More than 140,000 patients were no-shows across the Geisinger system in 2017. But the pilot won’t just be focused on medical appointments – it will also offer people rides to the pharmacy to pick up prescriptions, even to the supermarket to stock up on healthy food.

Allscripts CEO Paul Black said its important to start thinking about transportation challenges the same way healthcare providers think about nutrition challenges.

“We all know about the concept of a nutrition desert,” he said. “The same applies to transportation deserts. That same person often has no chance of making her own appointment or making her kids’ appointments if she doesn’t have access to transportation. All the unbelievably great infrastructure they could avail themselves of around healthcare, they just don’t have access to it.”

That’s why Allscripts’ partnership with Lyft was such an obvious solution, he said – and why it was able to come together so quickly.

“Us linking our registration and scheduling system to their dispatch system is a no-brainer,” said Black. “And we’re able to do that because it is an open API. It’s not HL7, it’s an open API that we’re going to write.”

When a provider does their intake of a patient, they can inquire about transportation.

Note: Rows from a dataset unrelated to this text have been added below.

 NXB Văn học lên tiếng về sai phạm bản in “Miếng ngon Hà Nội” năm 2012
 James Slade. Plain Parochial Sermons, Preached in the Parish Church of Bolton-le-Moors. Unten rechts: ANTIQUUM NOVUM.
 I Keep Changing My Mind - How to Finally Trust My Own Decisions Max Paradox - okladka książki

If the patient doesn’t have a ride, “you do a loop, schedule for a ride, and the ride is going to show up – even if you don’t have a phone,” he said.

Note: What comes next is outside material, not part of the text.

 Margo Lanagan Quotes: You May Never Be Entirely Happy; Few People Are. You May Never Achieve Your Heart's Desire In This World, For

“Or, if you have a flip phone, I will text you that your ride is sitting outside,” he added. “You don’t have to call the Lyft, you don’t have to see where the guy is or isn’t. You have to go where those people are. And to me, that’s going to be an important component.”

Black said the fruition of the Allscripts-Lyft deal happened in just two weeks: “We had been talking to them for a while, but we said let’s get something announced at HIMSS18. And it only takes you two weeks to write an API from Sunrise to get in there. We haven’t done TouchWorks yet, but it’s not that hard.”

Beyond the obvious benefits – connecting patients with quality care – Black says he’s excited about some other opportunities that could flow from partnerships like this one.

“In some markets, you’re actually seeing a decrease in the amount of ambulance usage,” he said. “Which is really expensive – you get that bill and its $400 bucks. And also, by the way, you probably didn’t need to go to the ED, it’s just that you were sick and no one was around so you called 911 to take you in.

“So this could train people to do something different,” he added. “Just like you can be trained to have better nutrition, you can be trained not to call 911. You don’t really need to go to the ED, you just need to see your doctor.”

He also likes the idea of it enabling better medication adherence, so providers “have the chance, on the way home, to at least get their first couple meds into their pocket for them.”

And here’s another idea.

“In the Lyft, you should have an iPad, so you’re doing the intake on the way in: You’re sitting in the back of the car instead of waiting until you get there and starting the process in the waiting room,” said Black. “The efficiency you could gain from this is fantastic. For most docs, two or three patients a day is the difference between making money and not making money. So if we can give them an additional 10 percent productivity improvement – if they usually see 20 per day, but see an extra two because of this – that helps pay the bills. And it’s simple. It’s just ridiculously simple. You don’t get low-hanging fruit like that very often.”